Pendant ce temps, à Mbanga, Ouandié, en manque de nourriture, se rendit dans les champs de manioc. Là, il rencontra une jeune femme qui, après l’avoir interrogé, alla chercher de la nourriture pour lui. Elle prévint son mari, qui, après avoir reconnu Ouandié, l’emmena au village et le remit aux autorités. De son côté, Dongmo fut arrêté avec ses complices, et un procès fut ouvert.
Le 19 août 1970, Ernest Ouandié fut capturé à Mbanga et conduit à la Brigade Mixte Mobile (BMM) à Kondengui, près de Yaoundé, tristement célèbre pour ses salles de torture. Là, il partagea sa cellule avec Albert Mukong, un ancien secrétaire général du One Kamerun.
Le procès d’Ernest Ouandié.
Le 26 décembre 1970, Ernest Ouandié et Monseigneur Albert Ndongmo, ainsi que 26 autres co-prévenus, comparurent devant le tribunal militaire de Yaoundé. Ils furent accusés de tentative de renversement du gouvernement par la violence et d’organisation de rébellion, ayant causé de nombreux morts et destructions.
La juridiction militaire était présidée par le capitaine Paul Njock, assisté des lieutenant-colonels Bouba Kaélé et Nguindjoll, tandis que le capitaine Emile Manga occupait le rôle de commissaire du gouvernement. Ouandié, privé de ses avocats internationaux, dont François Mitterrand et refusant d’être défendu par un avocat commis d’office, dénonça ce procès comme une mascarade. Il refusa de se défendre, affirmant que le gouvernement cherchait à l’exécuter.
Le 5 janvier 1971, Ernest Ouandié fut condamné à mort, et il fut fusillé le 15 janvier 1971 à Bafoussam, aux côtés de son compagnon d’armes, Raphaël Fosting.
L’implication de la France et du Vatican.
L’affaire Ouandié eut des répercussions internationales. Le président français François Mitterrand, lors de sa prise de fonction en 1981, évoqua la question de la démission d’Ahidjo. Il est souvent dit que c’est l’humiliation subie par Mitterrand durant le procès Ouandié qui poussa Ahidjo à se retirer du pouvoir.

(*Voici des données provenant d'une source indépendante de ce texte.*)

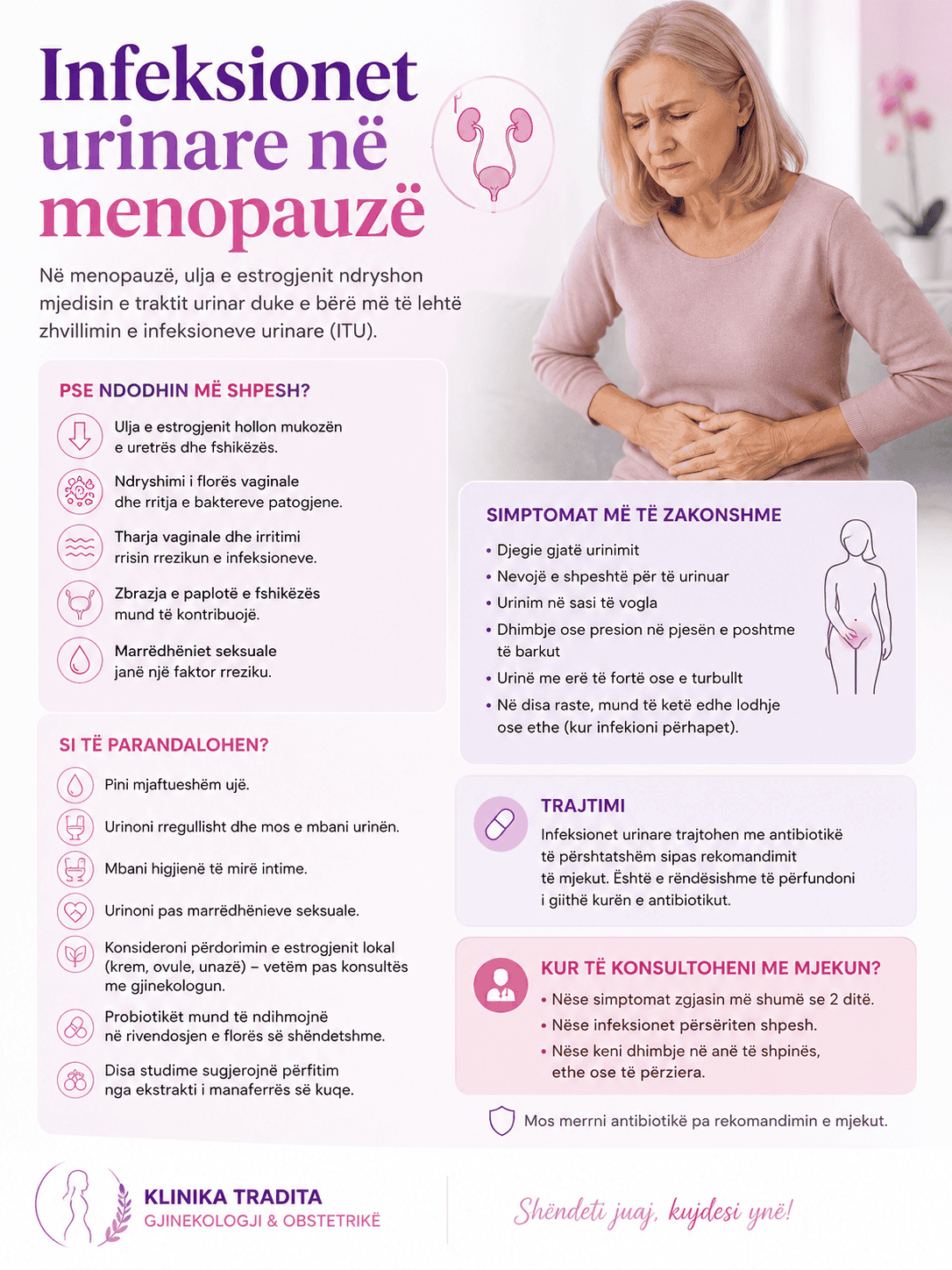 Older woman with urinary discomfort, holding her lower abdomen.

En effet, Ahidjo, dans le cadre du procès de Ouandié en interdisant l’atterrissage au vol de Mitterrand, avocat international, le contraignant à atterrir au Gabon. Mitterrand a donc considéré le fait qu’Ahidjo l’a humilié à l’échelle internationale par ce procès en refusant qu’il vienne défendre son client en la personne d’Ernest Ouandié. Le Vatican, quant à lui, n’exerça pas de pression directe pour Ouandié, mais il intervenait en faveur de l’évêque Ndongmo.
En revanche, la France, sous l’influence de Focart, exerça une pression sur Ahidjo pour qu’il élimine Ouandié. Focart, pour s’assurer de l’exécution de Ouandié, se rendit à Libreville, au Gabon, où il supervisa les événements.
La chute d’Ahidjo et l’ascension de Paul Biya.
En 1980, Mitterrand, désormais président de la République française, convoqua Ahidjo à Paris et lui annonça qu’il devait quitter le pouvoir. Cette intervention marqua le début de la fin pour Ahidjo. La presse internationale, dirigée par Hervé Bourge, commença à dénoncer son régime et à exiger son départ. Le 6 avril 1982, Ahidjo démissionna, laissant place à son successeur Paul Biya.
Ainsi, c’est souvent par l’intermédiaire de l’affaire Ouandié que l’on explique la chute d’Ahidjo et la montée en puissance de Paul Biya. Cette affaire, marquée par la pression internationale et les manœuvres internes, fut déterminante dans le paysage politique du Cameroun.